“Niat jahat dilandasi oleh kebodohan akan menimbulkan penderitaan dan penyesalan”, sebuah pesan moral yang disampaikan dari sebuah cerita fabel antara buaya dan kera yang terukir indah dalam pahatan relief di dinding Candi Mendut oleh leluhur nusantara.
Jika dicermati lebih lanjut, relief tersebut diukir dalam beberapa lempengan yang disusun secara rapat. Tanpa adanya bahan lem, beberapa lempengan batu tersebut dapat disatukan dengan saling mengait secara kokoh. Panel relief tersebut diambil dari Jataka Buddhis yang menceritakan tentang seorang bhodissatwa menjelma menjadi seekor kera dan tinggal di kaki gunung himalaya di tepi sungai gangga. Di aliran sungai gangga ini, hidup sepasang buaya. Buaya betina ingin sekali memakan hati sang kera, karena itu si buaya betina memohon kepada buaya jantan untuk membunuh sang kera dan mengambil hatinya. Buaya jantan pun mengabulkan permintaan dari buaya betina. Buaya jantan mengajak sang kera menyeberangi sungai gangga. Di tepian seberang ia berkata, “Di seberang sungai terdapat pohon lengkap dengan buah buahan yang lezat dan segar”. Sang kera naik ke punggung buaya dan mengikuti ke mana arah perginya buaya jantan tersebut, hingga sampai berenang di tengah tengah sungai. Akan tetapi di tengah tengah sungai, buaya sengaja menjatuhkan kera ke dalam air sungai, lalu berkata “Kera sahabatku, aku sengaja akan membunuh engkau, karena aku menginginkan hatimu, untuk aku berikan kepada istriku sebagai obat”. Sang kera yang cerdik dengan cepat menjawab, bahwa hatinya tertinggal di atas pohon di tepi sungai. Dan buaya jantan percaya saja dengan perkataan sang kera, bahkan sang buaya mengatakan janji tidak akan membunuh kera jika sang kera menunjukan di mana hatinya di tinggalkan. Sang kera pun di antar kembali menuju ke tepian sungai di mana banyak sekali pepohonan di sana. Sesampainya di tepi sungai kera segera melompat dari punggung buaya jantan, lari ke atas pohom dan menyelamatkan diri.
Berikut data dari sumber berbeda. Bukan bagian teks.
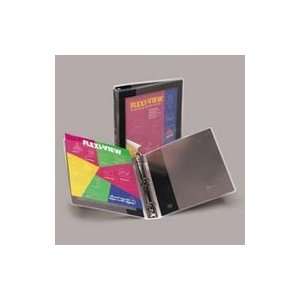  Flexi View Binder, Custom Front & Inside Front Cover, 1 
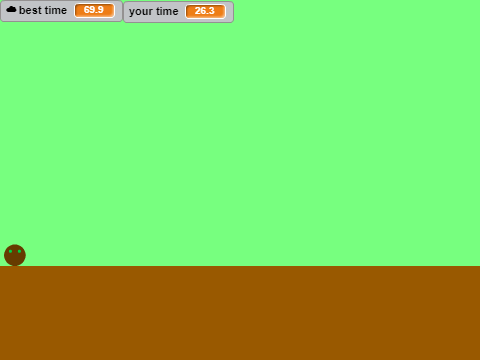 Earth platformer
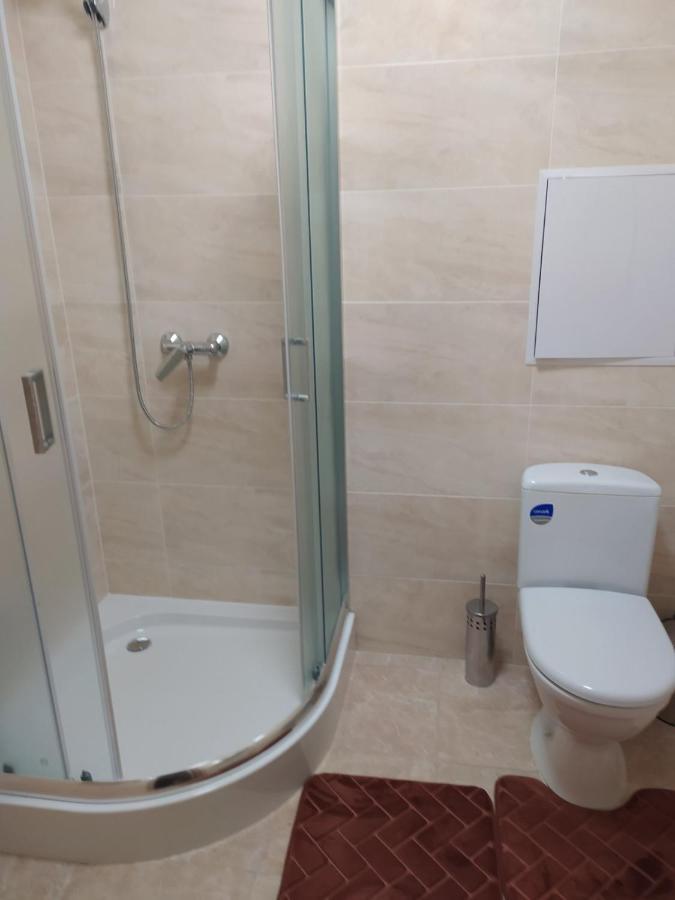 Апартаменты По Панаса Мирного. Khmelʼnytsʼkyy Extérieur photo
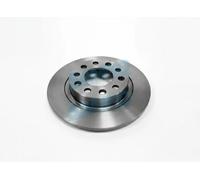2x Disque de frein plein A2007P SAMKO pour ALFA ROMEO GIULIETTA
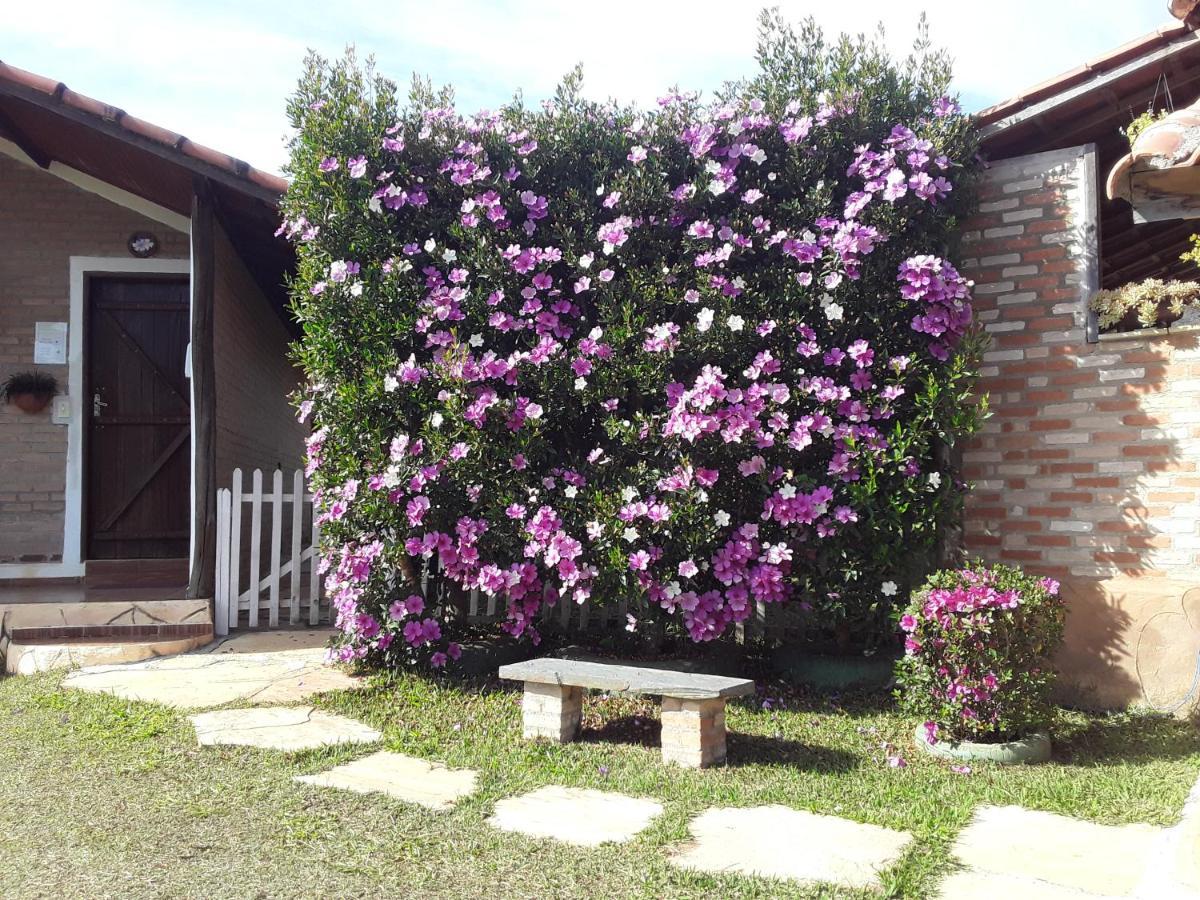 Recanto Das Flores Sao Tome das Letras Exterior photo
Cerita tersebut selanjutnya oleh Zahra Salima, siswa kelas X Animasi diubah menjadi cerita animasi. Dengan berbekal kemampuan menggambar ia mampu menyelesaikan tantangan yang saya berikan ini selama 2 bulan.
Proses pembuatan film animasi ini dilakukan dengan beberapa tahapan, yaitu membuat script cerita, membuat gambar komik dan selanjutnya dibuat gambar gerak (animasi), melakukan dubbing dan editing. Zahra Salima merasa bangga di saat kelas X ini sudah bisa membuat film animasi. “Terima kasih banyak Pak Di, telah memberikan platform agar saya bisa mencoba membuat animasi pertama kalinya”, ungkap Zahra melalui whatsapp. Dari 144 murid kelas X Animasi, ada 11 murid yang masuk dalam project ini. Inilah yang disebut akselerasi atau percepatan. Sebelas murid ini memiliki kesamaan dalam kebutuhannya, karena mereka memiliki kesiapan yang hampir sama yaitu kemampuan menggambar yang baik secara manual maupun digital. Dari aspek minat, kesebelas murid tersebut memiliki minat membuat animasi 2D. Pembelajaran akselerasi ini mengedepankan pada kebutuhan murid, sehingga tantangan yang diberikan bukan menjadi beban, justru menjadi sesuatu yang menantang untuk diselesaikan dengan kesadaran dirinya.